Car cette haie tressée est vivante : on la travaille à partir de haies de noisetiers, charmes, aubépines… certains troncs servent de pieux et les plus fins sont incisés (pour que la sève continue de circuler), couchés et entrelacés. « C’est comme du tricot ! » s’amusent les plècheurs. Ces haies vives ont aussi l’avantage de retenir l’eau, la terre, de couper le vent.

« On n’entrelace que du bois vert donc au printemps c’est très joli, précise Philippe Hoeltzel. La haie tressée s’entretient sur les côtés mais on peut la laisser pousser en hauteur et on la replèche tous les 10-15 ans ». Depuis 2009, le parc du Morvan et l’association Les plècheux du Morvan ont initié des stages gratuits et ouverts à tous : « L’objectif est d’entretenir et de transmettre ce savoir-faire, précise le chargé de mission. C’est une technique accessible et le résultat est esthétique.
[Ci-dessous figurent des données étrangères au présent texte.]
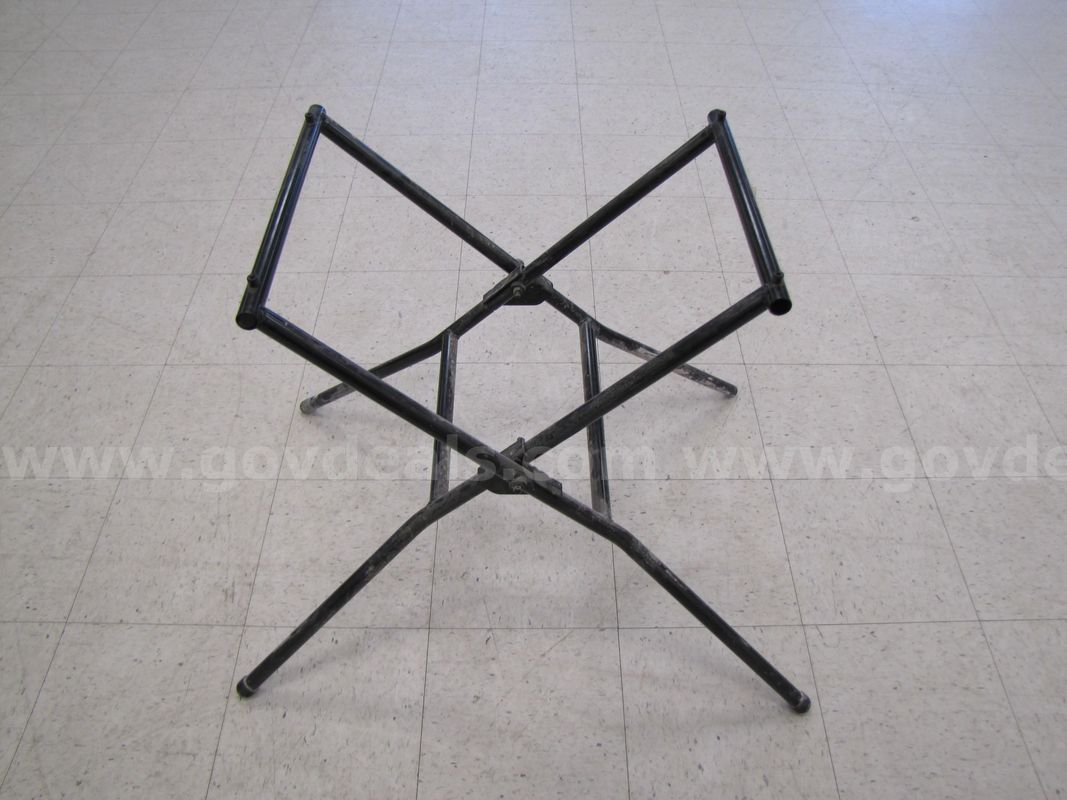 Collapsible metal stand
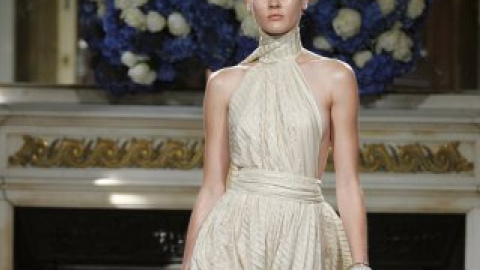 Показ коллекция итальянского модного дома Salvatore Ferragamo в Лувре.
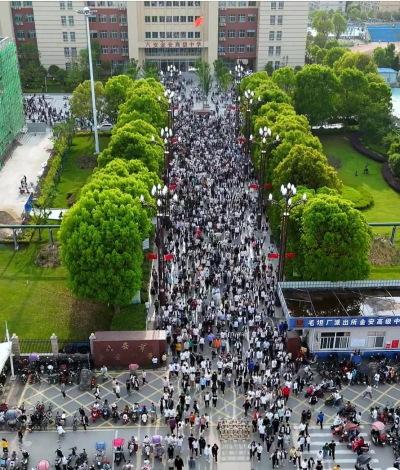 毛坦厂中学阅读区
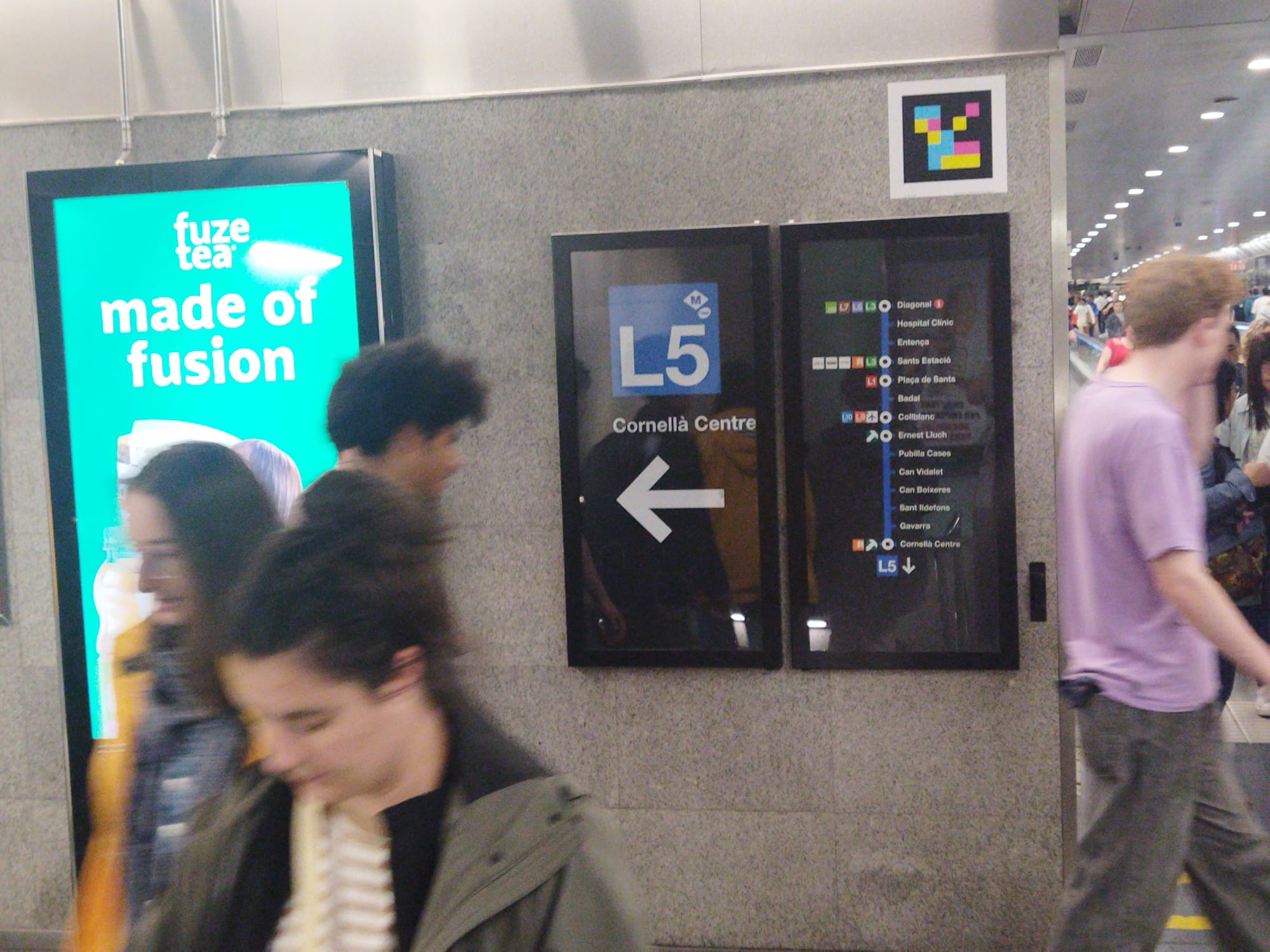 Un panell informatiu de l'L5 del metro en direcció a Cornellà / Jordi Subirana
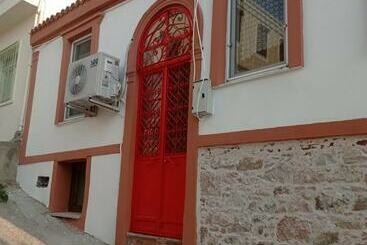 Apartaments turístics Cozy House With Sea View In Ayvalik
Les stagiaires (des particuliers, paysagistes… Ndlr) veulent créer une plèchie chez eux ou ont un intérêt particulier pour la nature. » Maud Marchand complète : « Nous avons beaucoup de nouveaux arrivants dans le Morvan, qui veulent respecter l’environnement et les traditions locales. » De « Semaine de la plèchie », l’événement est devenu « Mois de la plèchie » et a eu lieu cette année dans 33 communes du Morvan. 80 à 180 personnes se forment à ce savoir-faire typique à chaque édition. Les « anciens » plècheurs, eux, s’enthousiasment de transmettre cette technique traditionnelle et espèrent que ces haies vives redessineront les paysages morvandiaux dans les années à venir.